Findings from the Environment and Reproductive Health (EARTH) Study suggest men with more physically demanding occupations, including regularly lifting heavy objects, have higher sperm counts than men with less physically demanding work.

The study, published in Human Reproduction and summarized in a Brigham and Women’s Hospital press release, was led by Lidia Mínguez-Alarcón, PhD, a reproductive epidemiologist in the Brigham’s Channing Division of Network Medicine, and Jorge Chavarro, MD, ScM, researcher at the Brigham and professor of Nutrition and Epidemiology at the Harvard T.H. Chan School of Public Health.

The EARTH Study evaluates the effects of environmental and lifestyle factors on fertility. Infertility is a growing problem, and about 40% of infertility cases have been traced to male factors. A previous analysis published in Environment International by the EARTH team found that among men seeking fertility treatment, sperm count and semen quality declined 42% between 2000 and 2017.

The current study focused on a subset of the 1,500 EARTH participants, including 377 male partners in couples seeking treatment at a fertility center.

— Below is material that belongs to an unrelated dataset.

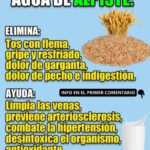 Los Beneficios del Agua de Alpiste: Salud y Bienestar en Un Vaso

The researchers found men who reported regularly lifting or moving heavy objects at work had a 46% higher sperm concentration and 44% higher total sperm count compared to men with less physically demanding occupations. Men who reported more physical work also had higher levels of testosterone and estrogen, which the researchers hypothesize results from the body converting excess testosterone into estrogen to maintain normal levels of both hormones.

Although this study indicates a relationship between physical activity and fertility in men seeking fertility treatment, future research is needed to confirm if the same applies to the general population. These findings highlight the broader importance of understanding male reproductive health and the actionable steps people can take to improve their fertility.